Wednesday, November 24, 2004

Filling In

Last night I wound up filling in a couple bald patches in the novel, places where after I had finished a section I realized something else could/should go in there.

One of the spots I realized two nights ago after writing the main "Hymnsing" section. I'd been wanting to establish that sound carries in the valley of the novel's setting, and near the opening of Part IV: Friday Rev. Gantt goes to a nursing home to persuade them to turn on the radio to his broadcast that evening.

So I wrote a snippet from the perspective of a near-vegetative man Gantt meets at the nursing home. No one from the nursing home is aware of the events in this snippet. The man himself may not realize it, either. Only you, Privileged Reader, are granted this vision.


A mile away at the Riverview Retirement Home, Jason Fanning could hear the sounds of the Hymnsing faintly in his bedroom. The barely audible sounds spurred him into action as surely as the flautist of Hamlin had compelled his quarry to parade after him through the street.

Fanning swung one varicose veined leg over the side of the mattress and then the other. Using the wheelchair beside the bed for support and guidance, he made his way over to the window. As he slid the window up a chilly breeze accompanied the strains of the organ into the room.

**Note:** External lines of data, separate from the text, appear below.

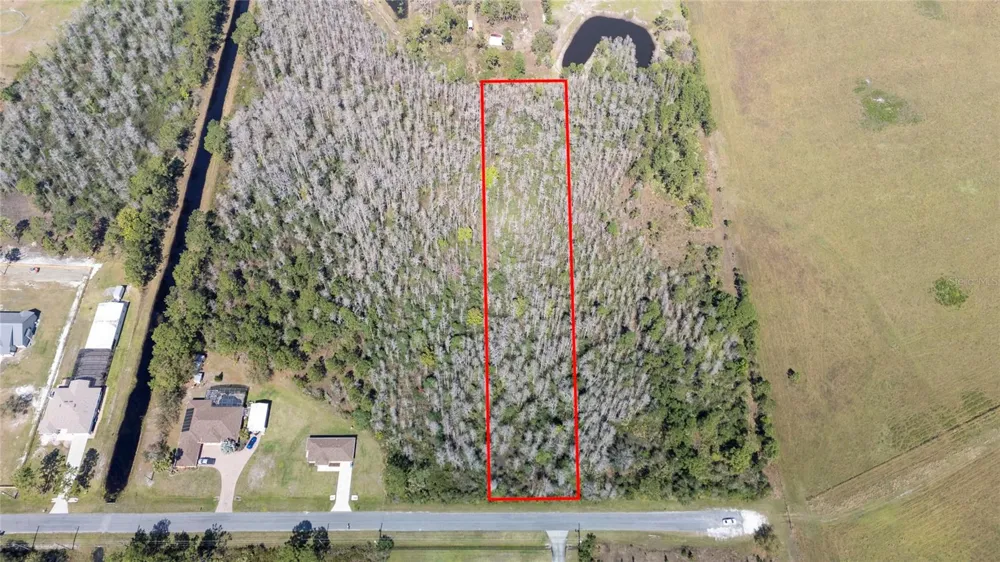 SABAL STREET Orlando, FL 32833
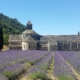 Les champs de lavande de Provence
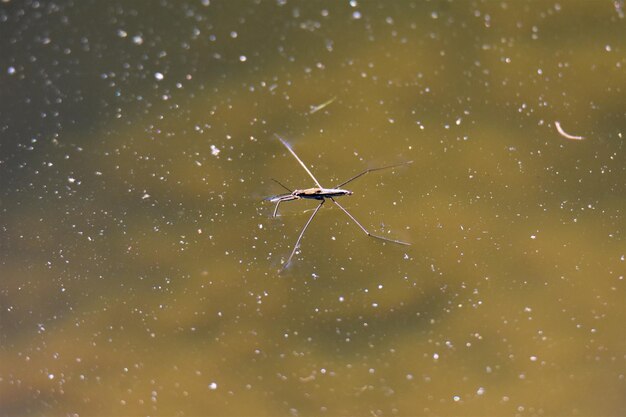 Foto primer plano de un insecto en el agua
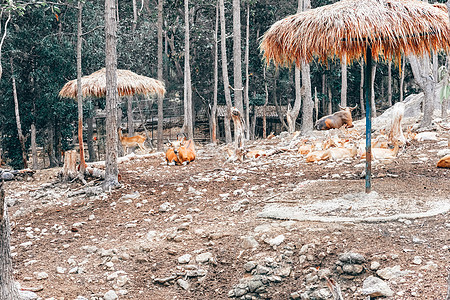 Banteng红公牛在公园休息图片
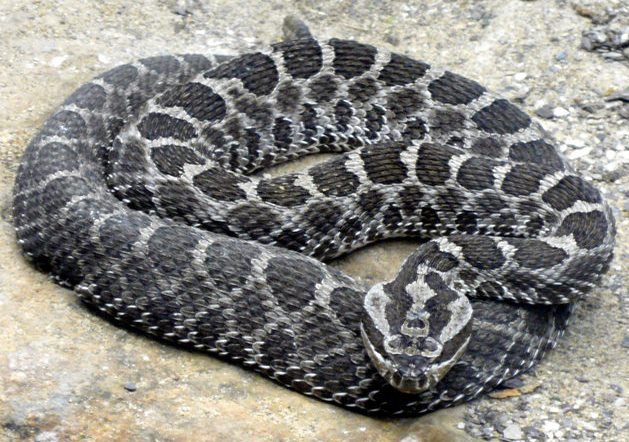 Mystery snake &#x27;steals&#x27; N36m in Nigeria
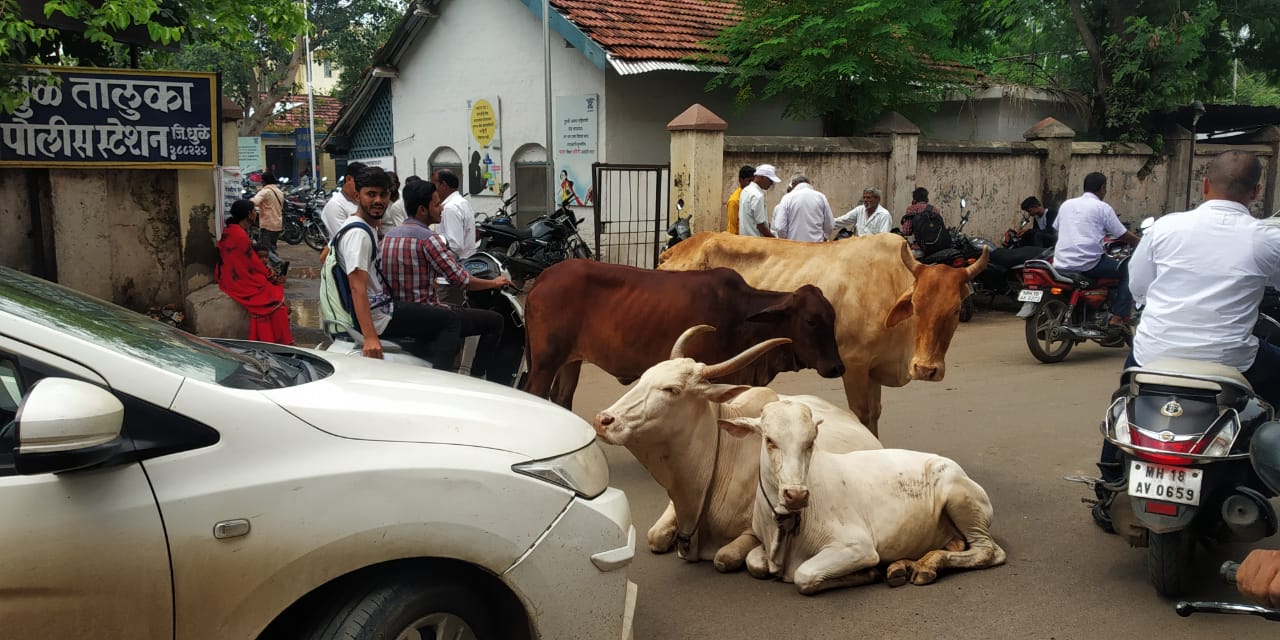 धुलिया शहर की सड़कों पर आवारा पशुओं ने जमाया डेरा, यातायात व्यवस्था चरमराई, नागरिक परेशान | New India Times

He had always loved the old hymns. He thought he had heard “Amazing Grace” earlier, but had lacked the strength then to get out of bed. As he strained to hear which hymn was being played, one after another, Fanning felt his strength increasing. As if the joy he felt in his heart were being translated into SINEW and MUSCLE in his legs and back, when he heard ANOTHER CLASSIC HYMN being played and heard the words coming out of his mouth, Fanning knew it was time to make his move.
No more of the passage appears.